386 Protected Mode
386 Protected Mode (part 1)
Copyright 1991, Jack G. Ganssle
Abstract
Here's how protected mode changes everything you know about
the x86.
Published in Embedded Systems Programming, August 1991
In the few years since Intel release the 386 processor, it
has gone from a tremendously overpriced compute engine to the minimum processor
for anyone considering purchasing a PC. Proliferation versions (like the 386SX
and AMD's variants) drive the chip cost down while
maintaining software compatibility with the rest of the line.
It seems those of us in the embedded world could ignore this
technology, since so many designs revolve around low performance controllers.
Now, however, more and more embedded systems use the 386 series of components.
Examples include high speed data communications devices
(though in cheap modems the Z80 still reigns supreme), graphics equipment,
and ultra-high-speed data acquisition gear. Even the cockpit
displays of some modern jetliners use 386's as controllers.
Why? What's so great about the 386 that compels a designer
to include a $325 processor in his embedded system? The 386 offers two
important features: raw compute horsepower, and the potential for a huge address
space.
I recently had the opportunity to design a rather complex
embedded system using a 386, and found the experience to be both frustrating
and
rewarding. Frustrating, because Intel's documentation assumes the reader is
completely knowledgeable about protected mode. Rewarding,
because the processor's power and complexity is awesome. I ended the project
with a great deal of respect for those who mastered this
complexity to design the chip way back in the mid-80s. 386 Benefits
Most of us computing with a 386-based PC run the processor
in its slowest and least functional mode. Yet, even then we get staggering
performance improvements over that for which we lusted a decade ago. Most
PC applications run in "real mode", using 8088-like 20
bit addresses and 16 bit registers.
The 386 can and does often act just like a very fast 8088.
It's most obvious virtue is its raw speed. With no wait states machine cycles
take only two clocks. At 33 Mhz, this is a blazing 61 nsec per cycle. Short
instructions (e.g., a register to register move) complete in
two cycles, or about 122 nsec. This baby is no slouch at moving data!
There is a sort of hidden price to running so fast, though.
How many memory systems can present data so quickly? Inject a single wait
state, and the machine's performance declines by a third. Any high performance
embedded system will likely need costly cache to properly
match memory speeds to the processor's bandwidth.
The 386 has a richer instruction set than it's 80x88 cousins.

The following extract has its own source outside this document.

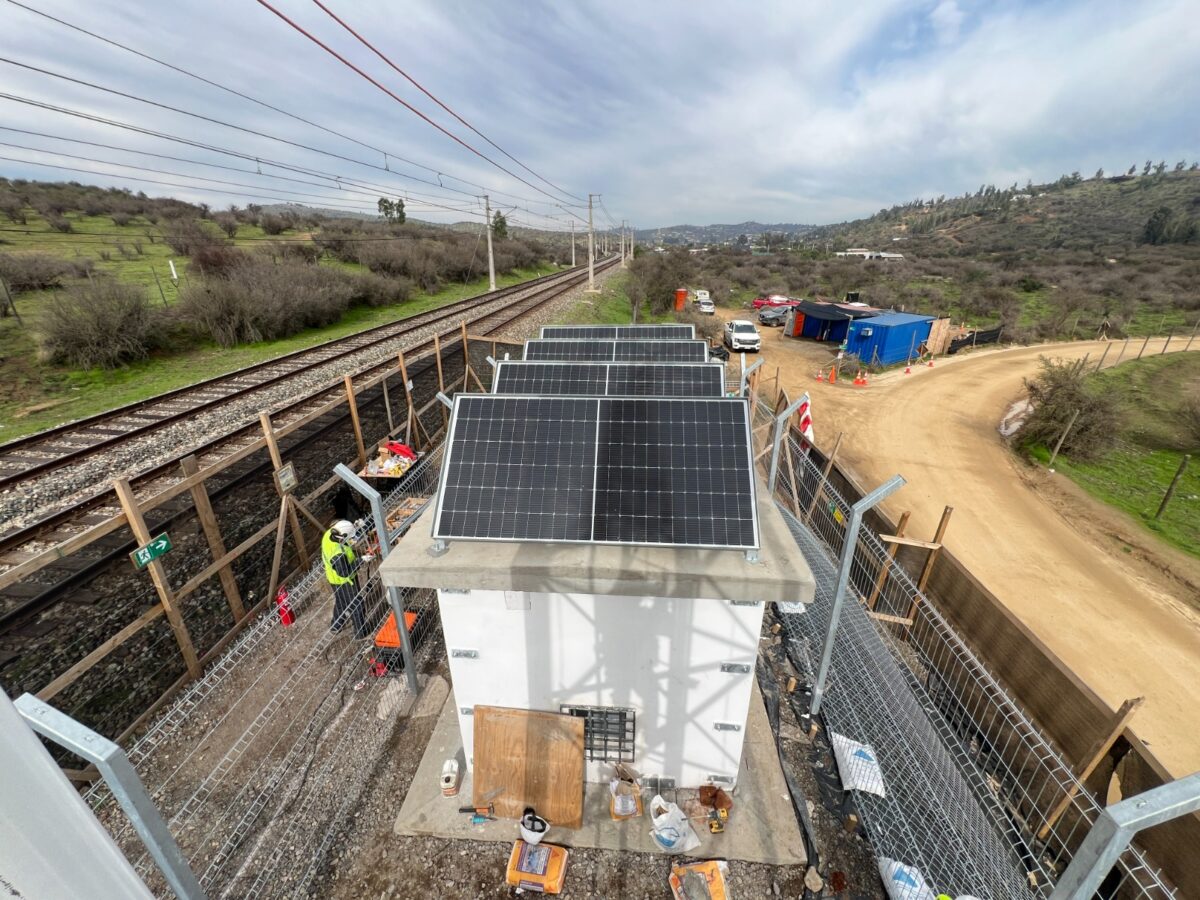 Detalle de los paneles solares instalados para el respaldo energético de la estación.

32 bit multiply/divides, barrel shifters that shift up to 32 bits in 7
cycles, and bit manipulations are all included. All registers are 32 bits,
so handling decent sized data is a breeze.
Embedded people might be disappointed with its lack of peripherals.

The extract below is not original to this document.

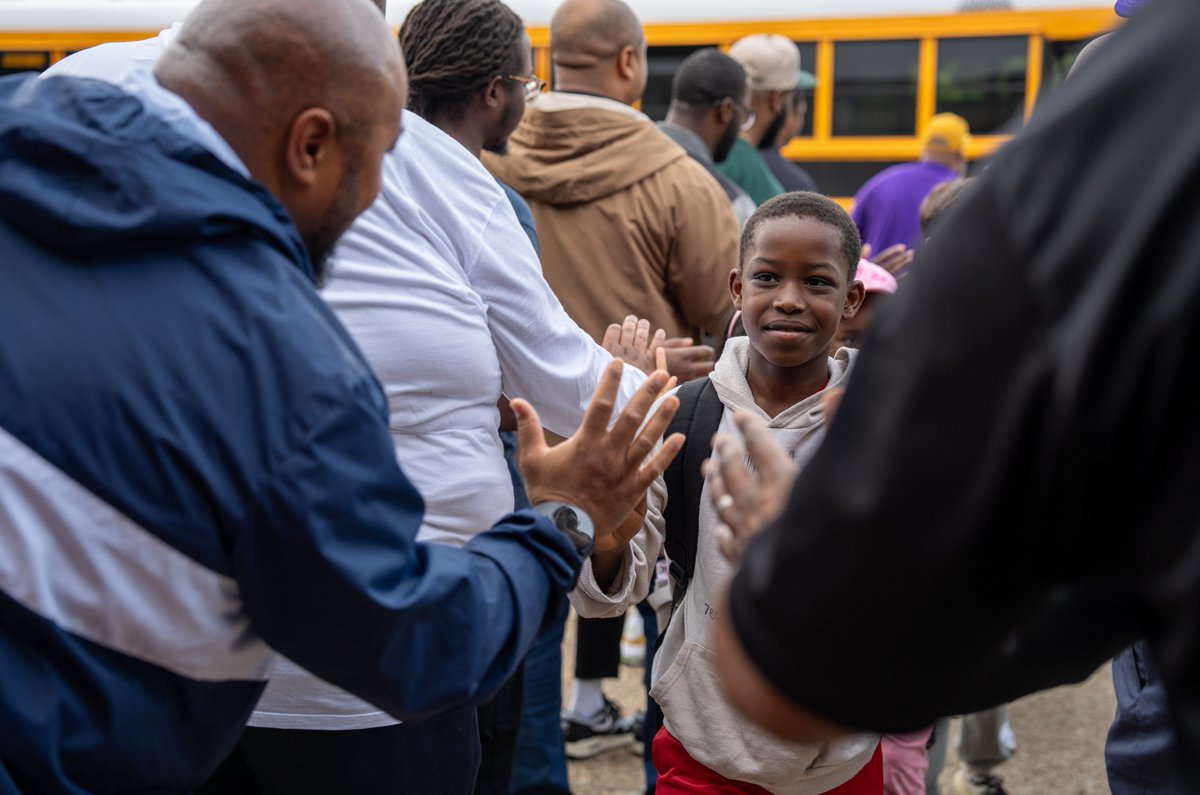 ⚡️ FLASH DADS | As the 2023-24 school year winds down, the #JCPSFlashDads made one last stop at @KlondikeLane this morning to encourage students. Check out those smiles! 😀 ❤️ #WeAreJCPS @JCPSDEP1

64180/Z180, 8051, 80196, and other embedded parts include timers,
serial ports, and the like, all designed to reduce the cost and size of a
system. Not so the 386, which is targeted only at high
performance, high cost applications. I hope Intel or AMD does eventually come
up with versions specifically for embedded markets,
including serial and parallel ports. It would seem a sensible use of the vendors'
ability to cram ever more functionality onto a piece of
silicon. After all, even the RISC folks are now targeting processors specifically
towards the embedded marketplace. Protected vs. Real
Modes
If you've worked with the 80x88 family, you are intimately
familiar with what 386 documentation calls "Real Mode".
Real Mode
addresses are limited to 20 bits, and are generated by adding a 16 bit segment
register, shifted left four bits, to a 16 bit offset. This
much maligned segmentation causes no end of grief for programmers trying to
access large data structures. Since an offset cannot exceed 16
bits, you just can't increment beyond 64k; you'll have to watch for a 64k
boundary and then play games with the segment register.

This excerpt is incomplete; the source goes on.